Phish - FARMHOUSE - la recensione

Recensione del 26 ago 2000

Paragonato a recenti prove non proprio memorabili, “Farmhouse” è un album scintillante, splendidamente anacronistico come spesso sembra essere la migliore musica dei Phish. La band del New England ancora una volta ha saputo creare uno scenario totalmente aperto, con forti accenti ‘southern’ e una libertà stilistica da esprimersi tanto con semplici canzoni (“Farmhouse”) che con lughe suite (è il caso della conclusiva “First tube”). In mezzo a questi due estremi vivono altri 10 episodi, ognuno dei quali dotato di una sua indipendenza strutturale e fonte di una serie di rimandi artistici e stiliti che da sempre fanno parte del gioco musicale del gruppo. A chi scrive è piaciuta molto soprattutto la prima parte del disco, caratterizzata da canzoni che sposano rime e metriche di band come Allman Brothers e artisti come Neil Young, in uno splendido gioco di rimandi che ha il pregio di annullare il qui e l’ora per lasciare svettare solo la potenza espressiva della musica.
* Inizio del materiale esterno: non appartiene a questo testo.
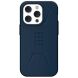 Защитный чехол URBAN ARMOR GEAR (UAG) Civilian MagSafe для Apple iPhone 14 Pro - Mallard (301397L). Фото 1 из 9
Da sempre al centro di una diatriba artistica in Italia – c’è chi li adora e chi li fa a pezzi – da tempo ormai in grado di poter contare su un pubblico decisamente massiccio in quanto a fedeltà e a quantità, i Phish con questo album sembrano aver ritrovato il bandolo di una matassa che era sembrata sfuggirgli per buona parte degli ultimi anni e tornano a riproporsi come una delle band più atipiche e ispirate del rock.